From Lake Thetis we spend time exploring the Nambung National Park and the Pinnacles Desert region.
The Pinnacles are amazing natural limestone structures, formed approximately 25,000 to 30,000 years ago after the sea receded and left deposits of sea shells. Over time, coastal winds removed the surrounding sand, leaving the pillars exposed to the elements. The Pinnacles range in height and dimension – some stand as high as 3.5m!
In the afternoon we return to our hotel in the Cervantes region.
Day 8: Dalwallinu
Accommodation: Dalwallinu TBA
Today’s journey takes us north along the coast road to Jurien Bay and Green Head before we turn east and head towards the town of Dalwallinu where we spend the next two nights.
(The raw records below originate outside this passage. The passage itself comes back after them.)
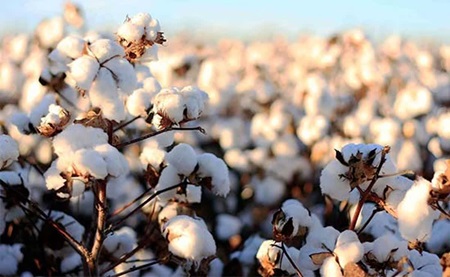 نجات «طلای سفید» زرین دشت از چنبره بحران با همت پنبه کاران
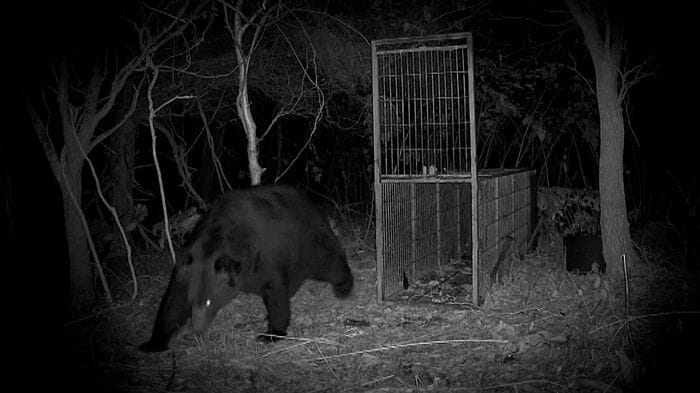 人間が仕掛けたわなをあざ笑うかのように周囲を平気で歩き回る（提供： 林会長）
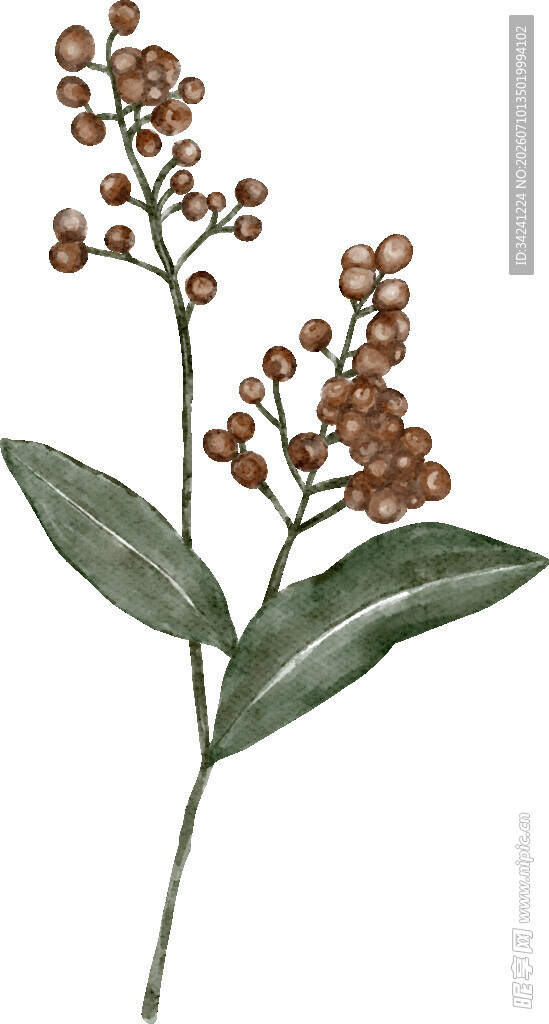 复古风植物插画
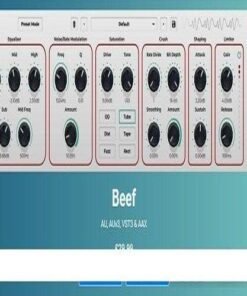 Caelum Audio - Beef 1.0.1 - Full Version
We’ll take a leisurely drive north along the coast and through Lesueur National Park. There will be time to stop and admire the scenery. Lesueur National Park is recognised as a global biodiversity hotspot and is one of the most significant reserves for flora conservation in Western Australia. Ten percent of the State’s known flora is found here, and several species which grow in Lesueur National Park cannot be found anywhere else in the world and have been included on an endangered list. The National Park is also home to over 100 species of birds that rely on the flora for their survival.
Jurien Bay and Green Head provide us with the opportunity to admire magnificent beaches and, if we are lucky, catch a glimpse of the endangered Australian Sea Lions.
This evening we stay the night at Dalwallinu in the northern wheatbelt.
Accommodation: Dalwallinu TBA
Today we drive north from Dalwallinu through Wubin to the Mt Gibson/Lake Moore region.
The Wheatbin Museum in Wubin will add to our understanding of early European farming techniques in the region. Here we find a rich repository of farming artefacts, vintage machinery and photographic displays telling the stories of local farmers and town folk over the past century. The museum is housed in a heritage classified wheat bin, built in 1939, with working displays and models charting the changing industrial nature of agriculture in the area.
In the Mt Gibson/Lake Moore region we have the opportunity to meet with a traditional custodian of the region for an introduction to country.
In the afternoon we return to Dalwallinu.
Day 10: Merredin
Accommodation: Merredin TBA
This morning we leave Dalwallinu and drive south to Goomalling and then east to Merredin, where we stop for the night.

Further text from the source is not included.